Starring: Ving Rhames, Sarah Polley
Director: Zack Snyder
Rated: R
RunTime: 100 Minutes
Release Date: March 2004
Genres: Horror, Action

*Also starring: Mekhi Phifer, Jake Weber, Ty Burrell, Michael Kelly, Lindy Booth, Matt Austin, Boyd Banks, Jayne Eastwood, Ken Foree, Matt Frewer

Review by Steve Rhodes
2½ stars out of 4

Playing like a cross between a National Rife Association ad and a rip-off of 28 DAYS LATER, DAWN OF THE DEAD is actually a remake of the 1978 film of the same name. As an extended teaser, the first ten minutes of the movie were shown recently on national television. This was a brilliant marketing strategy since this beginning segment of mayhem and death is the only consistently satisfying part of the picture. Most of the movie has as much dead air as dead bodies. The movie clearly wants to ride on the successful coattails of 28 DAYS LATER, another zombie flick. It is even shot and edited in the same grainy and jumpy style. But, while 28 DAYS LATER was an intelligent science fiction thriller with horror movie aspects, DAWN OF THE DEAD is more interested in the horror and the humor than it is in the story.

Thanks to their fourth amendment rights, Ana (Sarah Polley), Kenneth (Ving Rhames) and the rest of our rag-tag team are able to collect an arsenal of arms to fend off the zombies, which are called "twitchers." Only a shot to the zombie's brain kills them, and our shooters all turn out to be perfect marksmen who never miss. Our good guys are holed up at the local mall and don't know if anything else is alive in the greater Milwaukee area, where the story is set. In fact, they don't know much of anything, including how this disaster got started and how widespread it might be.
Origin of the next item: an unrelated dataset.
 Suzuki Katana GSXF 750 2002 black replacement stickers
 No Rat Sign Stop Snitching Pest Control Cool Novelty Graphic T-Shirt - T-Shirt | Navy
Although a thousand twitchers mill around outside the mall like teens at a rock concert, our team inside mixes worries with laughs. For people who are dealing with the end of the world, they are strangely obsessed with finding proper bathrooms. They spend their time playing basketball and having sex, among other activities. Most of this seems to serve only to kill time. The only truly ingenious part is a chess game, which Kenneth plays with a stranger on another rooftop. They communicate moves with binoculars and white boards.

The repetitive movie rapidly becomes tiresome. Only in the inevitable ending break for freedom does the movie again recapture some of the energy and imagination with which it started.

DAWN OF THE DEAD runs 1:45. It is rated R for "pervasive strong horror violence and gore, language and sexuality" and would be acceptable for older teenagers.